Tagged as: Breaking up, Faded love, Sex<< Previous question   Next question >>
Question - (8 September 2008) 1 Answers - (Newest, 8 September 2008)
A female United States age 36-40, *evsgirl writes:

Here's my dilemma-

My BF of 2 years does not turn me on AT ALL anymore. He hasn't for the past 6 months, and at first I thought I was just having a slump and didn't want sex with anyone, but now I am just so attracted to other guys. I fantasize about them and flirt shamelessly when my BF isn't around.
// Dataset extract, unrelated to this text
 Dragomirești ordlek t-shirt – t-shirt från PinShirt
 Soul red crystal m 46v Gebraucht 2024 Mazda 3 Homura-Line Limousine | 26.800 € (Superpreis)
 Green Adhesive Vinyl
My dilemma is that we live together and I really have nowhere else to go. I know that as a man he deserves to be with a woman that wants him and actually has sex with him. He never pressures me, but I know that this isn't the way a relationship should be. I don't want to get married, so it's not like we were headed down that road, but I'm 23 and feel like I should be out having fun with other guys and enjoying this time of my life.

I should make it clear that I don't want to go out and find another BF, it's more of a sexual exploration thing.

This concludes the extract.